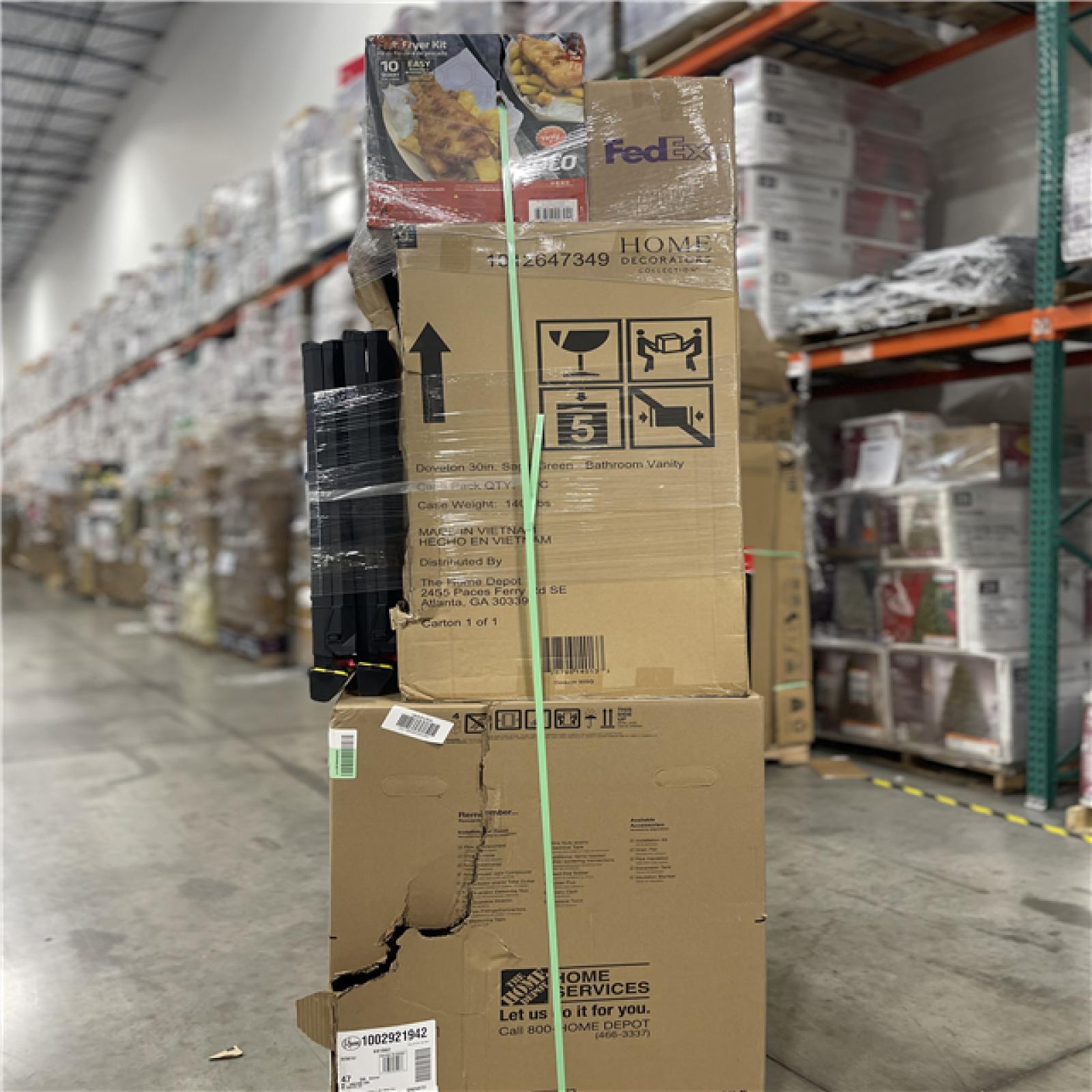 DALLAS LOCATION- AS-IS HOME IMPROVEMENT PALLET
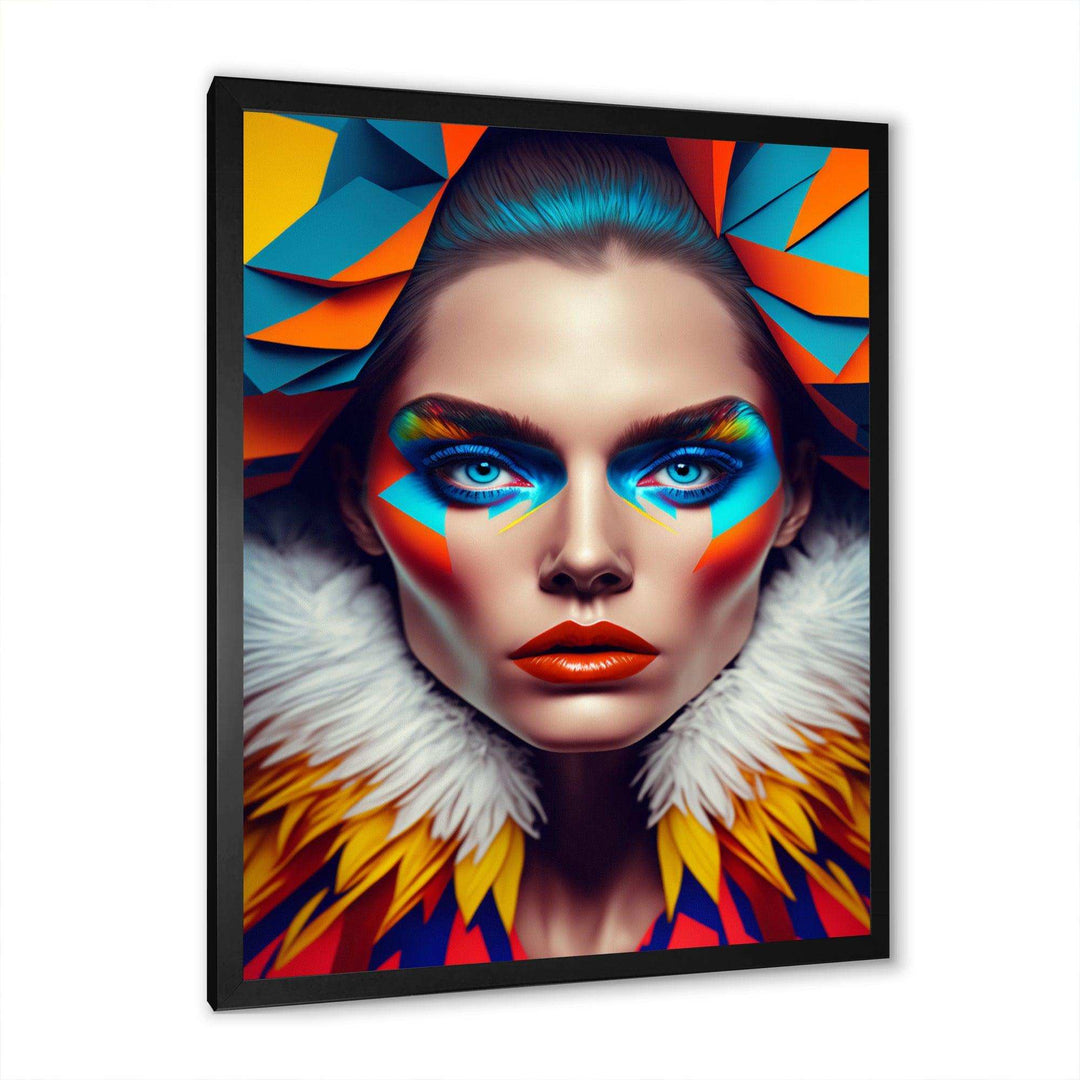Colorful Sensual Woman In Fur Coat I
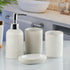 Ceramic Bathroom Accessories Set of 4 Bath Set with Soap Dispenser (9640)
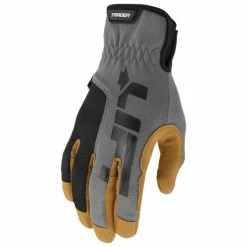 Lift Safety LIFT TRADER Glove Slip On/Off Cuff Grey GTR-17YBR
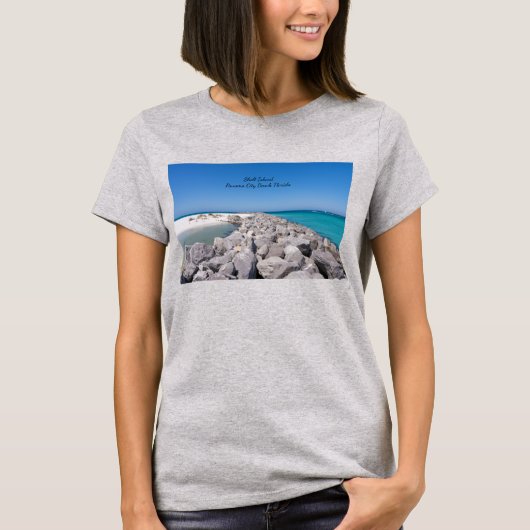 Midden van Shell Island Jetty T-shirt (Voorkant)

--

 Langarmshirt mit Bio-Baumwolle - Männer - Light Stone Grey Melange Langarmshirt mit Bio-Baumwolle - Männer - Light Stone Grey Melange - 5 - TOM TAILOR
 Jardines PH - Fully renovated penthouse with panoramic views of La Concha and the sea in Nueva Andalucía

==

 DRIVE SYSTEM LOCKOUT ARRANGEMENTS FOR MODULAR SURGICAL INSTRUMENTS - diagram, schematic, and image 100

* [ACTION ITEM]:
Pictures excluded, give again exactly and only the lines of the material above from the line with "Ceramic Bathroom Accessories" through the line with "Midden van Shell".

* [RESPONSE]:
 Ceramic Bathroom Accessories Set of 4 Bath Set with Soap Dispenser (9640)
 Lift Safety LIFT TRADER Glove Slip On/Off Cuff Grey GTR-17YBR
 Midden van Shell Island Jetty T-shirt (Voorkant)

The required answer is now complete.